France | France, Cour d'appel d'Aix-en-Provence, 02 octobre 2008, 06/17821


4o Chambre C

ARRÊT AU FOND
DU 02 OCTOBRE 2008

No 2008 / 339



Rôle No 06 / 17821

Sébastien X...




C /

Eliane Y... épouse Z...


réf

Décision déférée à la Cour :

Jugement du Tribunal de Grande Instance de NICE en date du 12 Octobre 2006 enregistré au répertoire général sous le no 05 / 2501.

APPELANT

Monsieur Sébastien X...


né le 24 Novembre 1983 à NICE (06000),

demeurant ...


représenté par la SCP GIACOMETTI-DESOMBRE, avoués à la Cour,



assisté de Maître Renaud GIULIERI, avocat au barreau de NICE



INTIMEE

Madame Eliane Y... épouse Z...


née le 15 Novembre 1938 à NICE (06000),

demeurant ...


représenté...

4o Chambre C

ARRÊT AU FOND
DU 02 OCTOBRE 2008

No 2008 / 339

Rôle No 06 / 17821

Sébastien X...

C /

Eliane Y... épouse Z...

réf

Décision déférée à la Cour :

Jugement du Tribunal de Grande Instance de NICE en date du 12 Octobre 2006 enregistré au répertoire général sous le no 05 / 2501.

APPELANT

Monsieur Sébastien X...

né le 24 Novembre 1983 à NICE (06000),

demeurant ...

représenté par la SCP GIACOMETTI-DESOMBRE, avoués à la Cour,

assisté de Maître Renaud GIULIERI, avocat au barreau de NICE

INTIMEE

Madame Eliane Y... épouse Z...

née le 15 Novembre 1938 à NICE (06000),

demeurant ...

représentée par la SCP BLANC AMSELLEM-MIMRAN CHERFILS, avoués à la Cour,

assistée de la SCP MARRO J., MARRO J., LADRET R., avocats au barreau de NICE

*- *- *- *- *
COMPOSITION DE LA COUR

L'affaire a été débattue le 10 Juin 2008 en audience publique.

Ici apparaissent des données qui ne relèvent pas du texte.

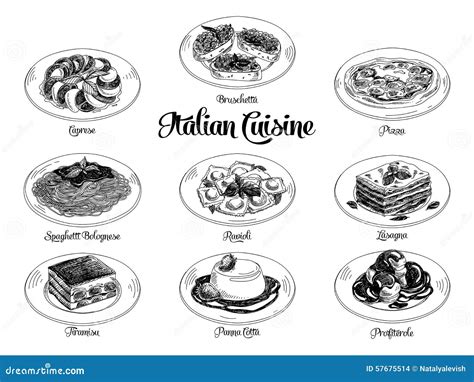 Vector Hand Drawn Illustration With Italian Food Stock Vector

Conformément à l'article 785 du Code de Procédure Civile, Madame Brigitte BERNARD, Président, a fait un rapport oral de l'affaire à l'audience avant les plaidoiries.

La Cour était composée de :

Madame Brigitte BERNARD, Président
Madame Marie-Françoise BREJOUX, Conseiller
Monsieur Michel NAGET, Conseiller

qui en ont délibéré.

Greffier lors des débats : Madame Marie-Christine RAGGINI.

Les parties ont été avisées que le prononcé public de la décision aurait lieu par mise à disposition au greffe le 02 Octobre 2008.

ARRÊT

Contradictoire,

Prononcé par mise à disposition au greffe le 02 Octobre 2008,

Signé par Madame Brigitte BERNARD, Président et Madame Marie-Christine RAGGINI, greffier auquel la minute de la décision a été remise par le magistrat signataire.

***

Par acte du 23 septembre 1994, Christian B..., aux droits duquel se trouve Sébastien X..., a donné à bail à Eliane Z... un local au sous-sol et un local indépendant à l'extérieur, le tout dépendant d'un immeuble sis à LA TRINITE (Alpes Maritimes), et ce, à usage d'entrepôt garde-meubles Par acte du 11 mars 2003, Sébastien X... a donné congé pour le 30 septembre 2003 à sa locataire avec dénégation du droit au statut des baux commerciaux, se fondant sur un défaut d'immatriculation des locaux loués au RCS de NICE.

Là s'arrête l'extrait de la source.